▶ [Dataset extract]
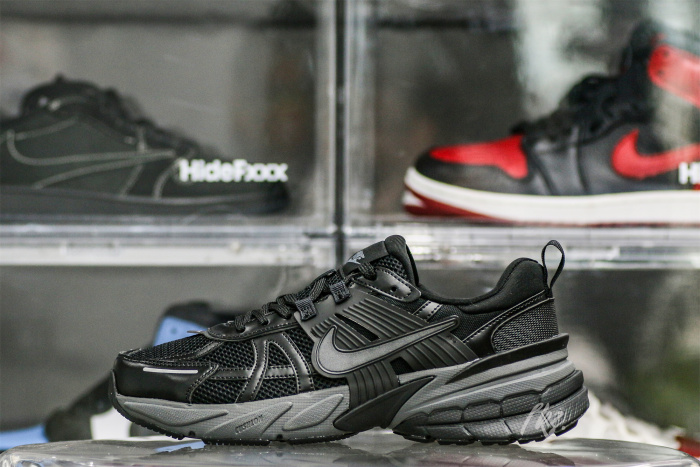 Nike V2K Run Black Dark Smoke Grey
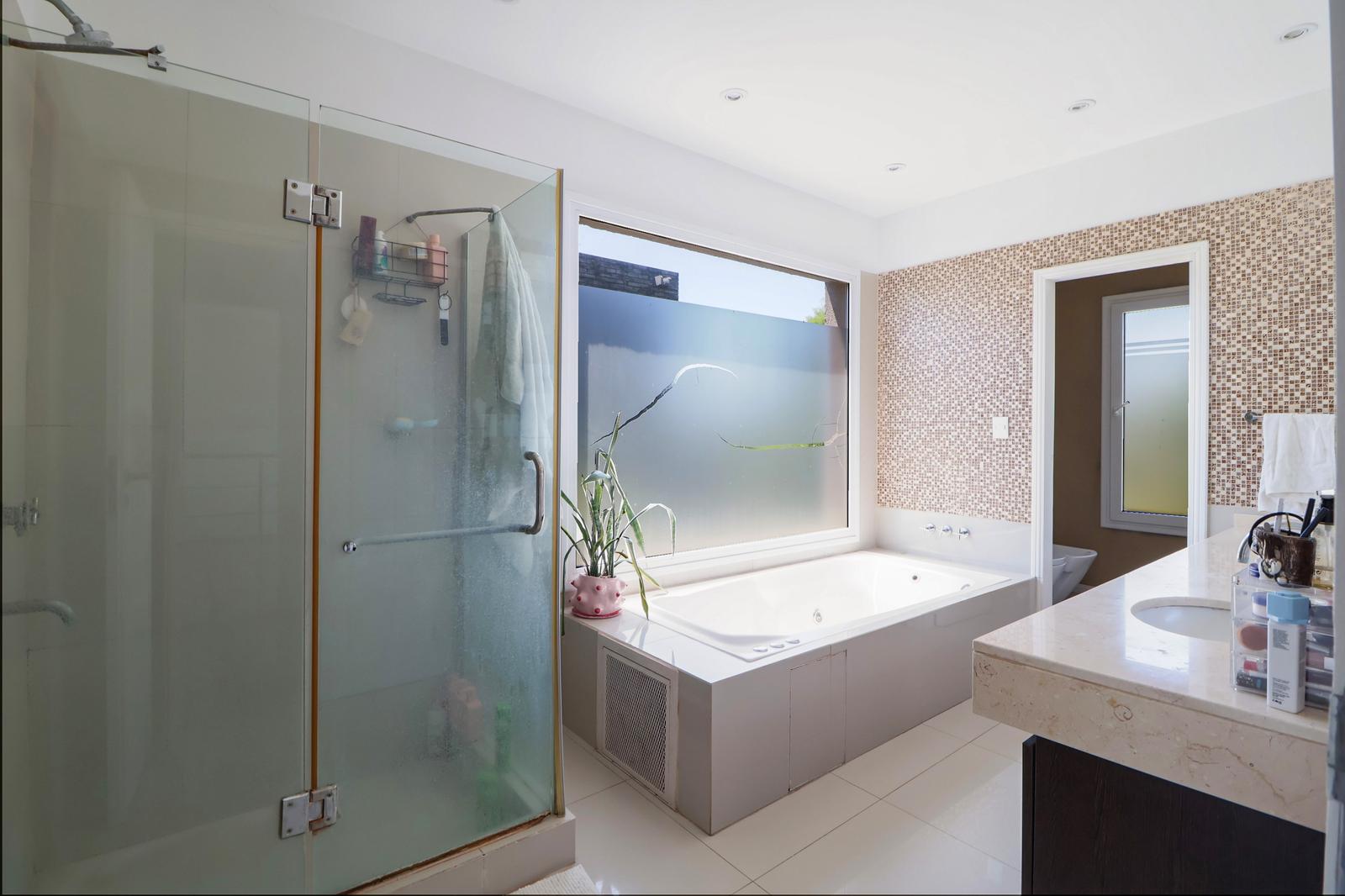 Baño con jacuzzi y ducha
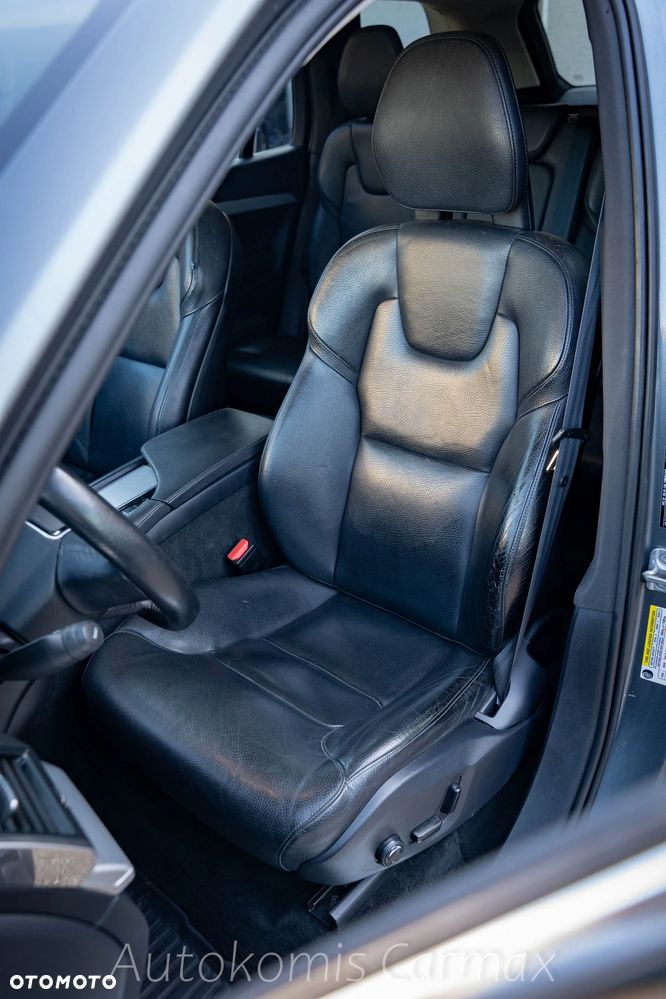 Volvo XC 90 T5 AWD Momentum - 22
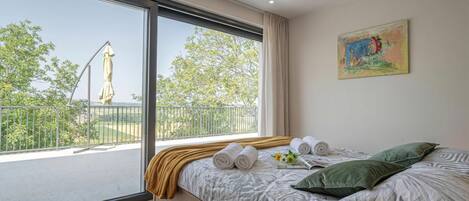 Familjevilla - flera sovrum - intill bergen (Wellness Vila Vinita) | 3 sovrum, strykjärn/strykbräda, gratis wi-fi och sängkläder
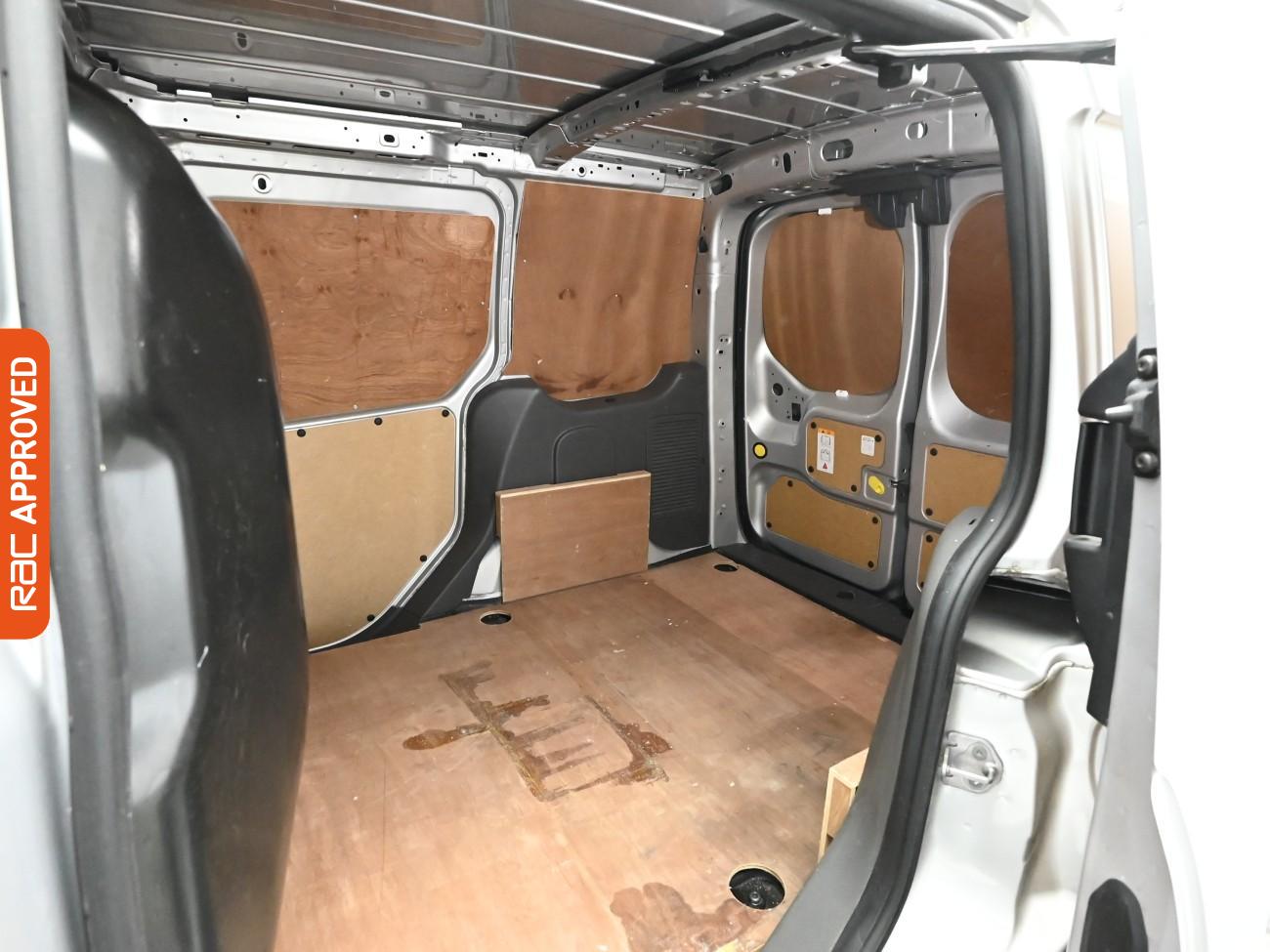 Used Ford Transit Connect 2020 for sale - 76972693: Photo 13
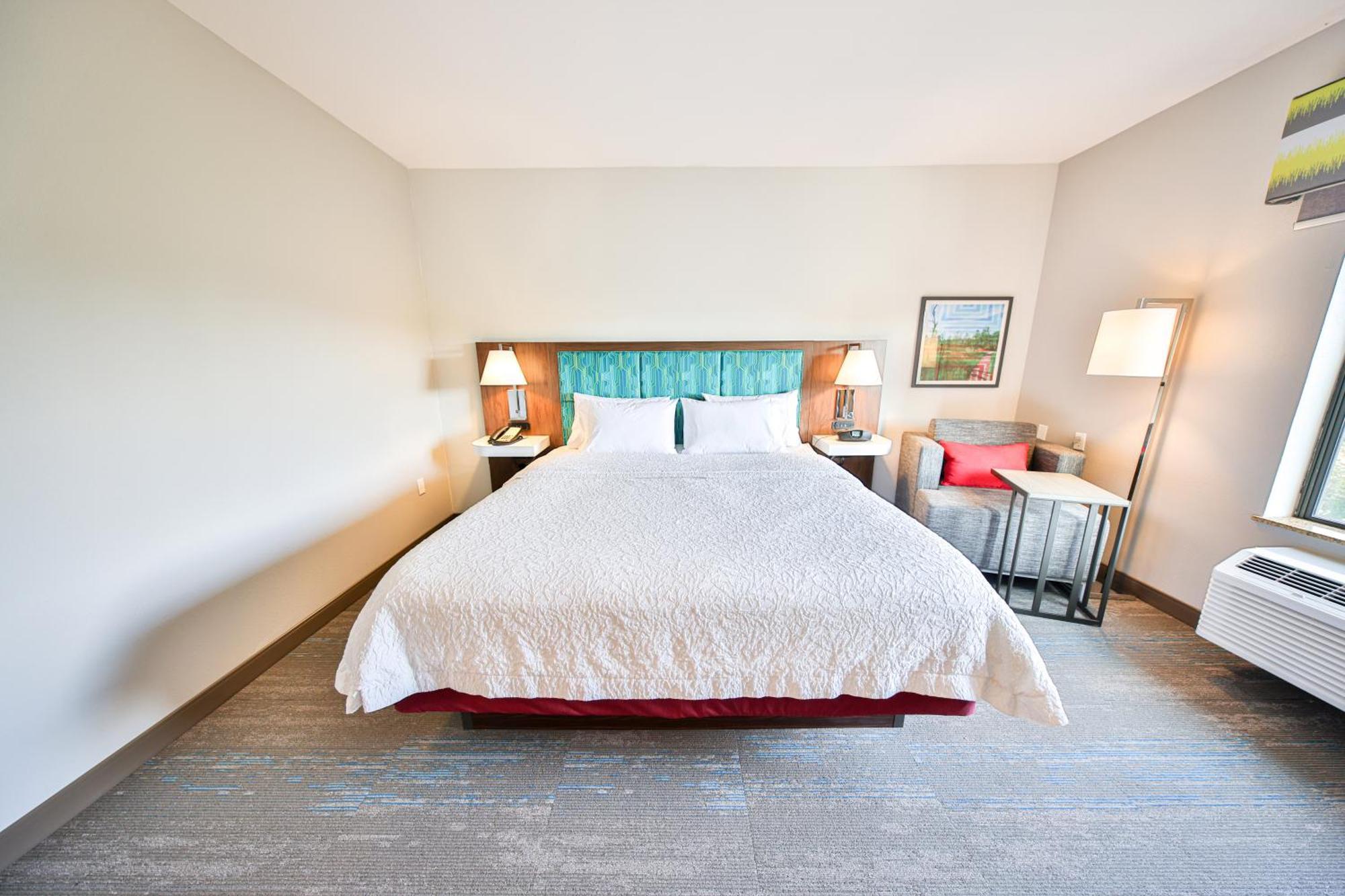 Hampton Inn & Suites By Hilton Seattle/Kent Room photo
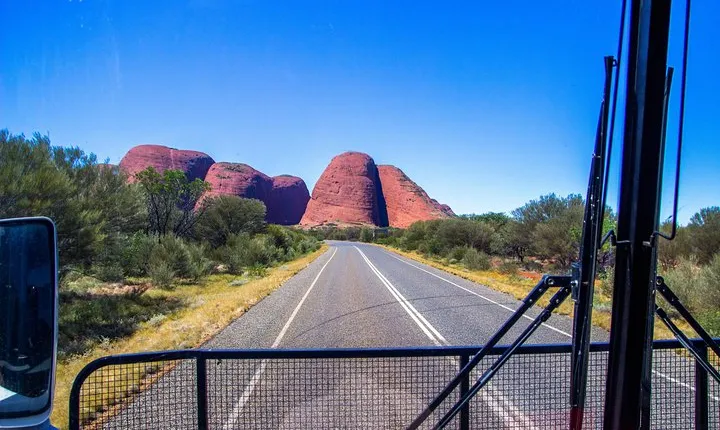 Ayers Rock Day Trip from Alice Springs Including BBQ Dinner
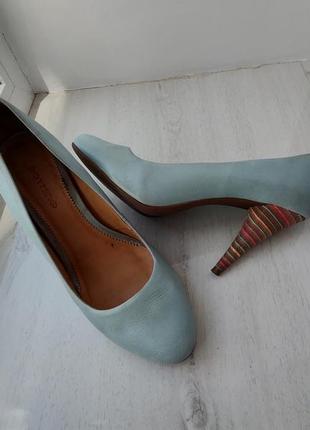 Кожаные туфли голубого цвета2 фото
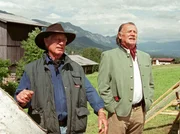 Bürgermeister Wegerer (Franz Buchrieser, rechts) und der Tierpsychologe Stefan Suttner (Siegfried Rauch) sind eigentlich Jugendfreunde, doch als Wegerer auf die schiefe Bahn gerät, trennen sich ihre Wege.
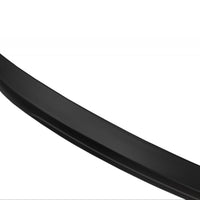 Spoiler portbagaj BMW Seria 5 E60 M5 Look, material ABS, finisaj negru brillant, vedere frontală pe fundal alb, piesă auto aftermarket.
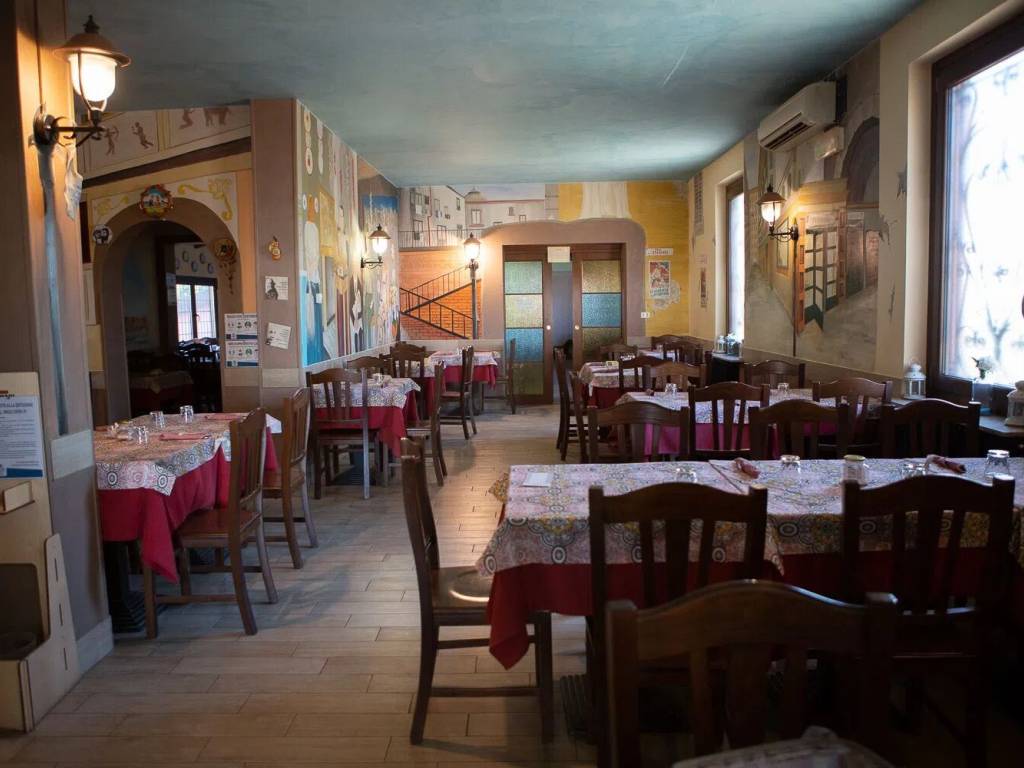 Immobile a Mortara in Area Residenziale Pizzeria E Ristorante Centro Storico - Foto 5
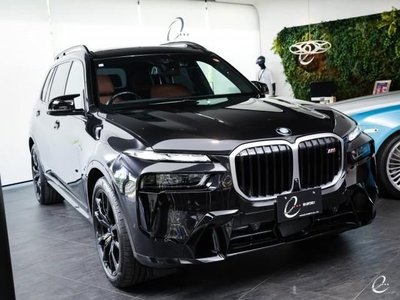 صورة 7 لـ 2023 BMW X7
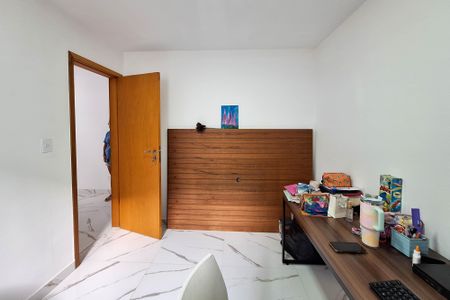 Casa à venda com 225m², 4 quartos e 2 vagas Casa à venda com 225m², 4 quartos e 2 vagasQuarto 1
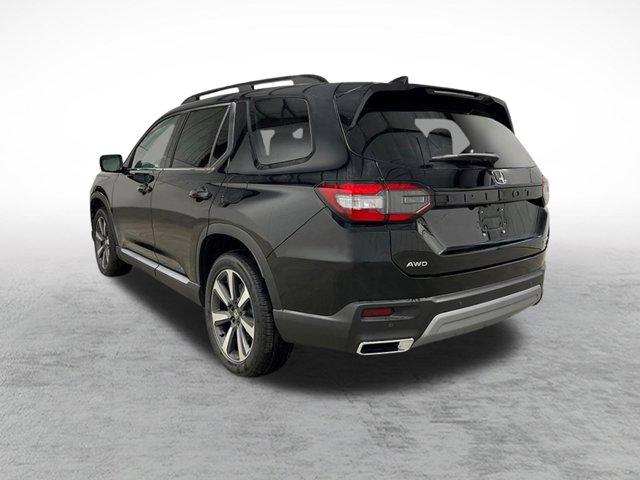 new 2025 Honda Pilot car, priced at $51,825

▶ [Your instructions] Retype only the lines from the one with "Bürgermeister Wegerer (Franz" through the final line of the entries, please, and keep the pictures out.

▶ [Your solution]
 Bürgermeister Wegerer (Franz Buchrieser, rechts) und der Tierpsychologe Stefan Suttner (Siegfried Rauch) sind eigentlich Jugendfreunde, doch als Wegerer auf die schiefe Bahn gerät, trennen sich ihre Wege.
 Spoiler portbagaj BMW Seria 5 E60 M5 Look, material ABS, finisaj negru brillant, vedere frontală pe fundal alb, piesă auto aftermarket.
 Immobile a Mortara in Area Residenziale Pizzeria E Ristorante Centro Storico - Foto 5
 صورة 7 لـ 2023 BMW X7
 Casa à venda com 225m², 4 quartos e 2 vagas Casa à venda com 225m², 4 quartos e 2 vagasQuarto 1
 new 2025 Honda Pilot car, priced at $51,825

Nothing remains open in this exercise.